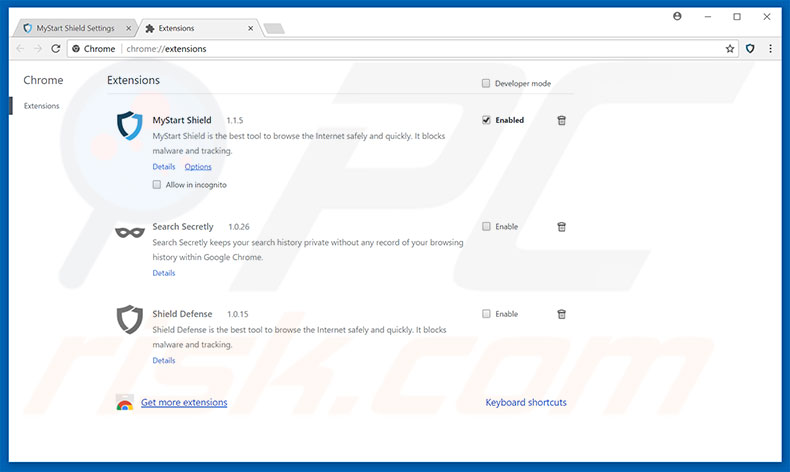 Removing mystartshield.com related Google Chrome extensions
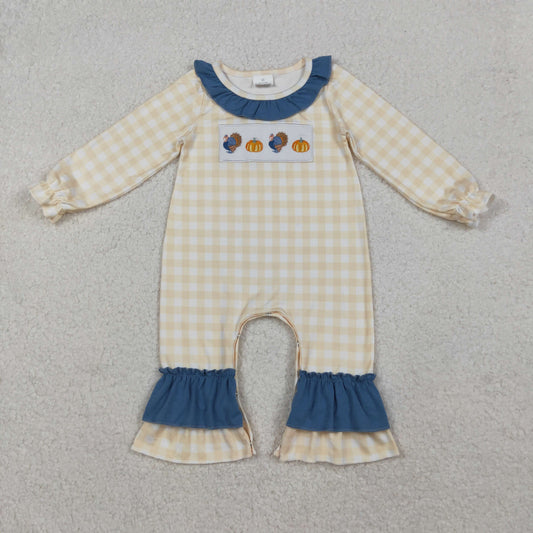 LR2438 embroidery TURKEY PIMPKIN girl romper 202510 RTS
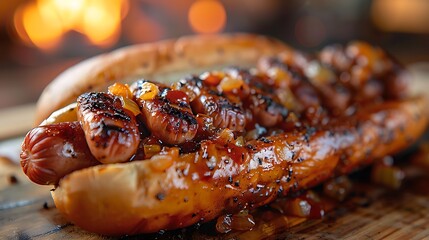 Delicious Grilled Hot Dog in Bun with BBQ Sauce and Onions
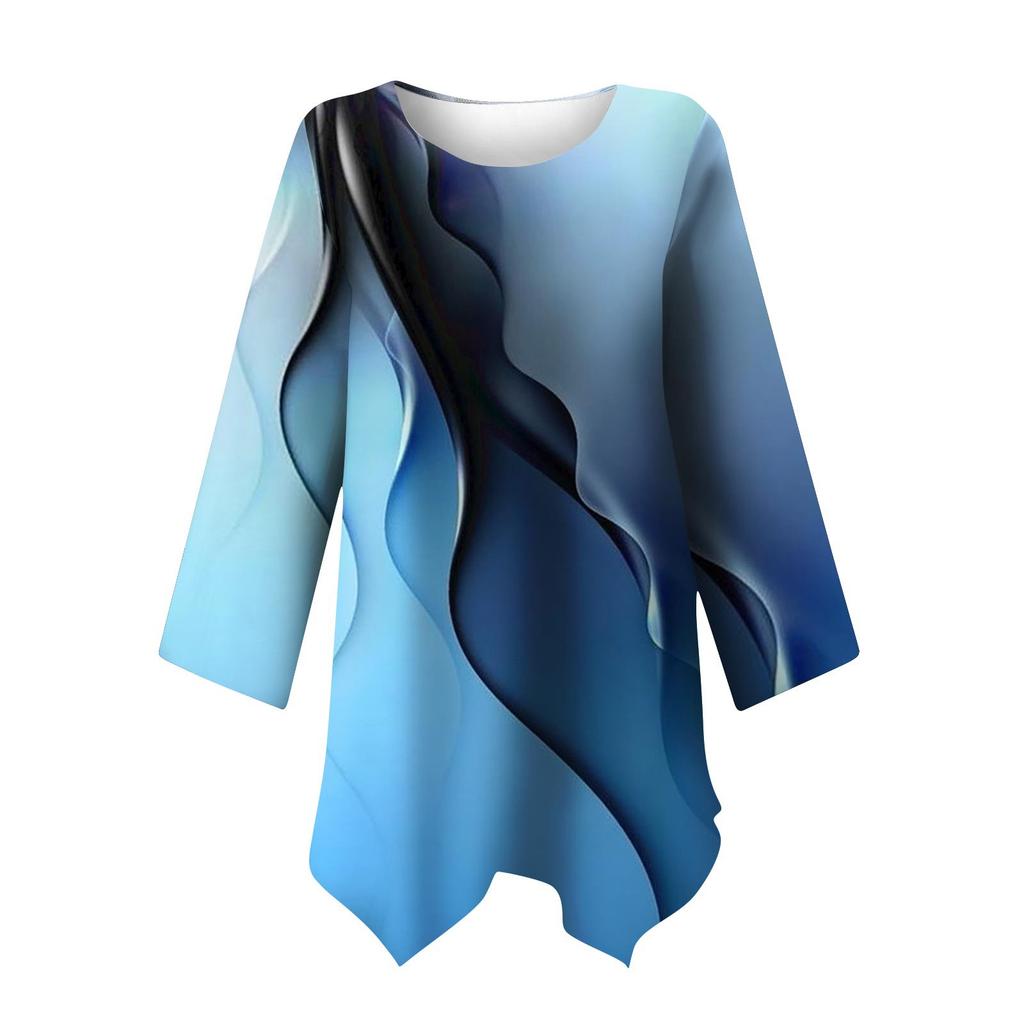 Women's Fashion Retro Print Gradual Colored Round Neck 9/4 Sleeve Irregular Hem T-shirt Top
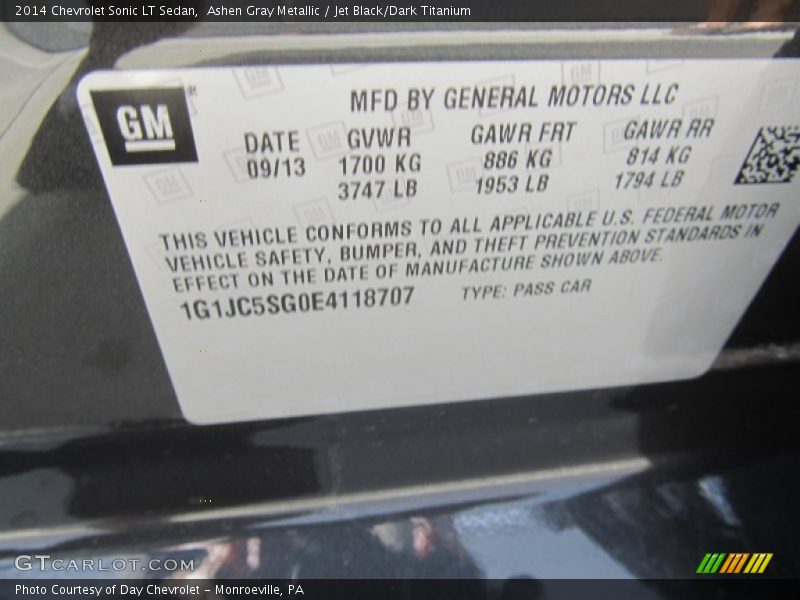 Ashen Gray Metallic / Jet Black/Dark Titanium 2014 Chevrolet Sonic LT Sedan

Problem to work on -> Without the pictures, restate all of the entries word for word.

Solution for this task ->
 Removing mystartshield.com related Google Chrome extensions
 LR2438 embroidery TURKEY PIMPKIN girl romper 202510 RTS
 Delicious Grilled Hot Dog in Bun with BBQ Sauce and Onions
 Women's Fashion Retro Print Gradual Colored Round Neck 9/4 Sleeve Irregular Hem T-shirt Top
 Ashen Gray Metallic / Jet Black/Dark Titanium 2014 Chevrolet Sonic LT Sedan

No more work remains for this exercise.